*TASK DIRECTIONS*: Leave out all lines before the one containing "Parlak kırmızı ve", and copy that line and all the rest below it exactly.

*MATERIAL SHOWN*:

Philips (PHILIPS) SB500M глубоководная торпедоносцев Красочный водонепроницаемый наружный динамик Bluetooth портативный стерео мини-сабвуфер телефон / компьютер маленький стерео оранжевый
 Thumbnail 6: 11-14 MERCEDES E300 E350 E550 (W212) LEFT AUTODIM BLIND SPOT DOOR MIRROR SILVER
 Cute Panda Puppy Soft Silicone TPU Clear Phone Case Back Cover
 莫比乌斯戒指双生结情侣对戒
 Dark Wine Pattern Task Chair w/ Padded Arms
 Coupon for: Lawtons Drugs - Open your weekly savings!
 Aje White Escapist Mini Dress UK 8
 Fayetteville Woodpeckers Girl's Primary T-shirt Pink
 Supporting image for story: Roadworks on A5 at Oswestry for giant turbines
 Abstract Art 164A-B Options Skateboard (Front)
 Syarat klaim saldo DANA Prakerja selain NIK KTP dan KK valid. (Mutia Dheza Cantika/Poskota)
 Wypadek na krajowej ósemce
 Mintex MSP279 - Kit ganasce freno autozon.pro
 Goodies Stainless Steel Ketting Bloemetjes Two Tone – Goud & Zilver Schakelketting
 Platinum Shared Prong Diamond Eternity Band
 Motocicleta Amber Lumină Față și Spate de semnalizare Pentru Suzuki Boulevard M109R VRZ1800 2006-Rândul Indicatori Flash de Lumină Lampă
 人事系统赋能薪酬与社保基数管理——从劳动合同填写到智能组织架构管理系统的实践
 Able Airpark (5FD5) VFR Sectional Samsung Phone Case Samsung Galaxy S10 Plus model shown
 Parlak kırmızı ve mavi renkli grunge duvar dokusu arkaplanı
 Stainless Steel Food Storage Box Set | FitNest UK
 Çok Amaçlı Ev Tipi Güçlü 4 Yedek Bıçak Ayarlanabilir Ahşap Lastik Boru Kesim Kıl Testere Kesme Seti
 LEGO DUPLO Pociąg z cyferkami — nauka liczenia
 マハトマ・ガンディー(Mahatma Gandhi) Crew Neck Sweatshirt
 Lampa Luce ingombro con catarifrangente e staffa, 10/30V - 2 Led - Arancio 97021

*REPLY*:
 Parlak kırmızı ve mavi renkli grunge duvar dokusu arkaplanı
 Stainless Steel Food Storage Box Set | FitNest UK
 Çok Amaçlı Ev Tipi Güçlü 4 Yedek Bıçak Ayarlanabilir Ahşap Lastik Boru Kesim Kıl Testere Kesme Seti
 LEGO DUPLO Pociąg z cyferkami — nauka liczenia
 マハトマ・ガンディー(Mahatma Gandhi) Crew Neck Sweatshirt
 Lampa Luce ingombro con catarifrangente e staffa, 10/30V - 2 Led - Arancio 97021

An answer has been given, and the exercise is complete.